Sebagaimana untuk puasa setiap hari, kemudian telah diriwayatkan oleh Imam Muslim, hadits dari Abu Qatadah, bahwa Umar R.A. bertanya kepada Rasulullah SAW:
‘Bagaimana jika seseorang berpuasa setiap hari?’ Kemudian Rasulullah SAW menjawab: “Dia tidak berpuasa tidak juga dia batalkan puasanya – atau – dia tidak berpuasa dan dia tidak membatalkan puasanya.” [HR Muslim]
Ini berkaitan dengan seseorang yang berpuasa terus menerus, bahkan pada saat dimana dilarang untuk berpuasa.

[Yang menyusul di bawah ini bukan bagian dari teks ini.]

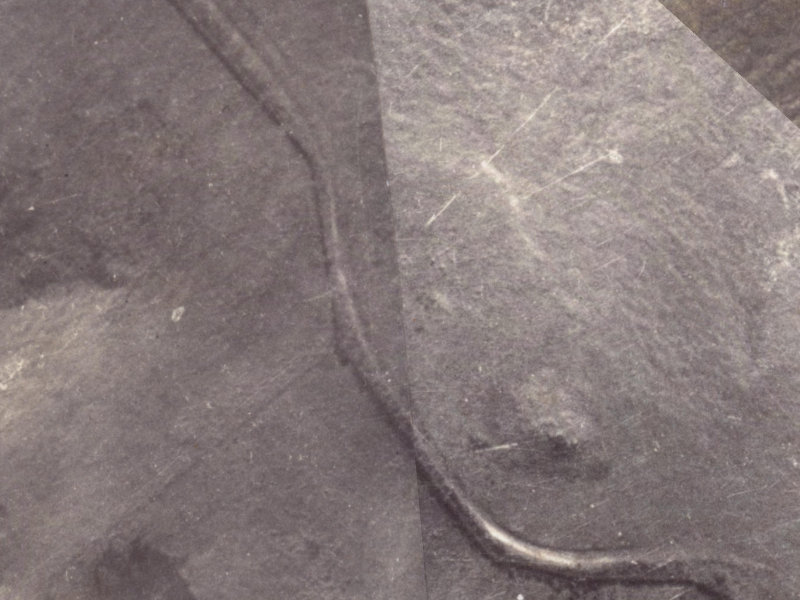 345 Worsleys Road from the air, 1925-1929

Karekteristik dari puasa yang paling khusus
Ketahuilah bahwa seseorang yang telah diberikan ilmu mengetahui tujuan di balik berpuasa. Selanjutnya dia membebankan dirinya pada tingkat dimana dia tidak akan bisa melakukan yang lebih bermanfaat daripada itu.
Ibnu Mas’ud berkata: ‘Pada saat aku berpuasa, aku bertambah lemas dalam shalatku. Aku lebih menyukai shalat daripada puasa (sunnah).’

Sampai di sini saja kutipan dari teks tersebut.